■ Problem statement
With pictures omitted, copy exactly every line from the one that contains "Jupon De Sapin" to the end of the listing below.

■ Available data
· · · · · · ·
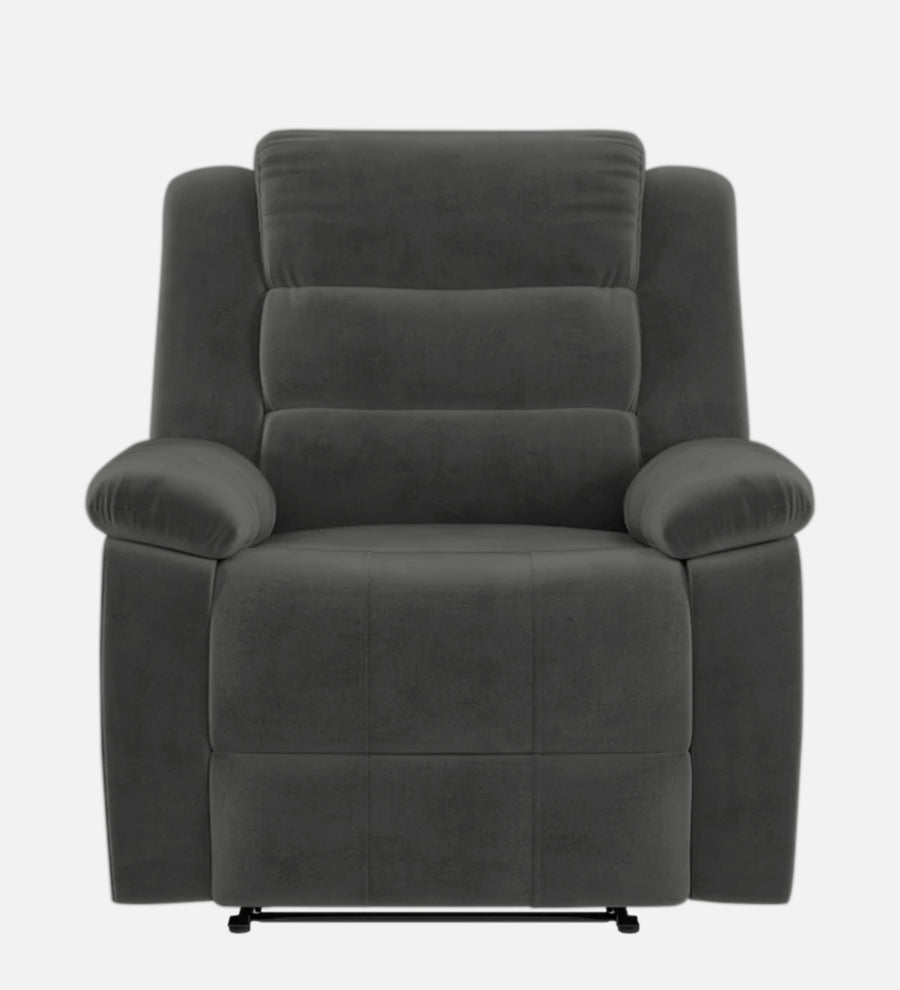 Erra 1 Seater Motorized Fabric Recliner - Charcoal Grey - Front View by Febonic Living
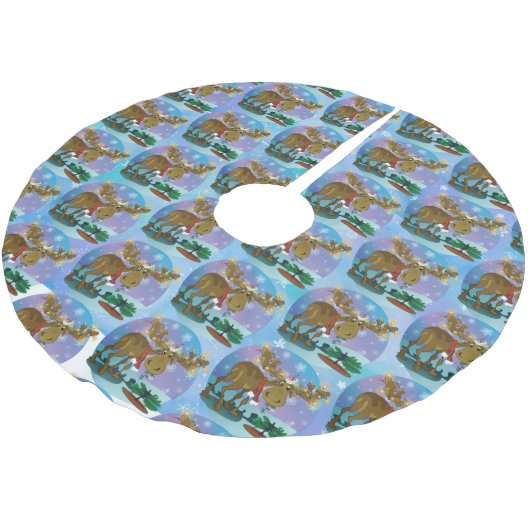 Jupon De Sapin En Polyester Brossé Élan de Noël (Angle)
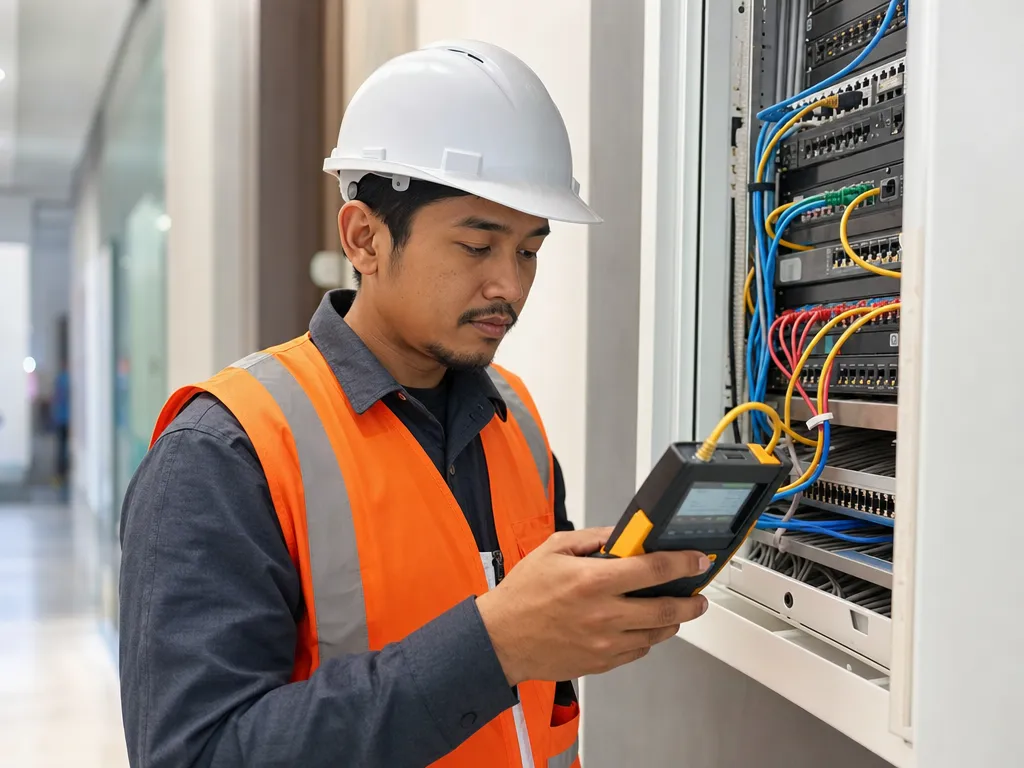 Pengecekan panel jaringan oleh teknisi ber-APD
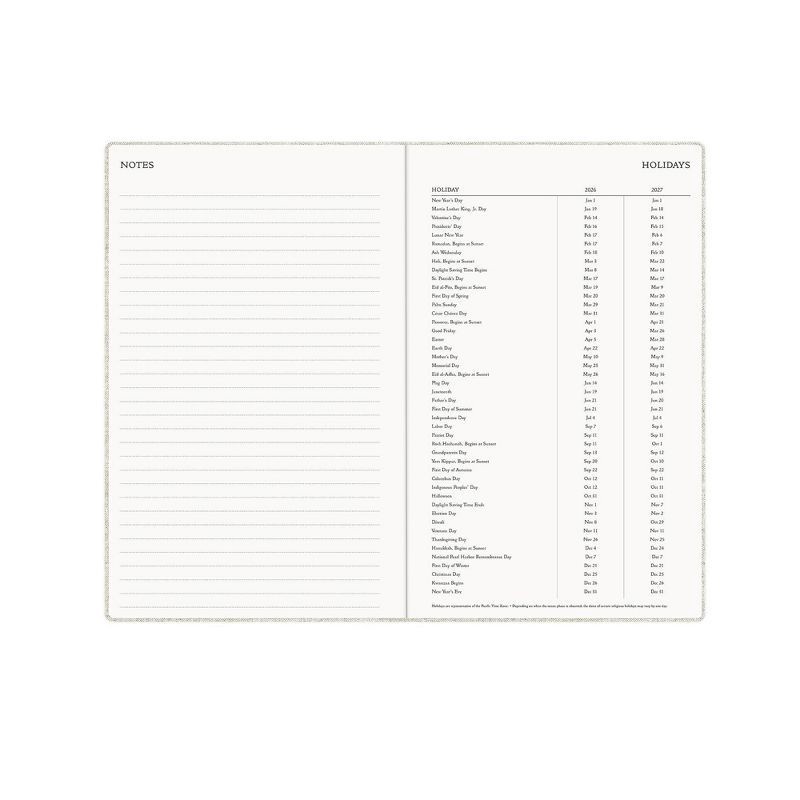 slide 9 of 10, Morris & Co. by Blue Sky 5"x8" 2026 Weekly/Monthly Bookbound Planner Hardcover Blackthorn Natural Linen, 1 ct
· · · · · · ·
■ Your response
 Jupon De Sapin En Polyester Brossé Élan de Noël (Angle)
 Pengecekan panel jaringan oleh teknisi ber-APD
 slide 9 of 10, Morris & Co. by Blue Sky 5"x8" 2026 Weekly/Monthly Bookbound Planner Hardcover Blackthorn Natural Linen, 1 ct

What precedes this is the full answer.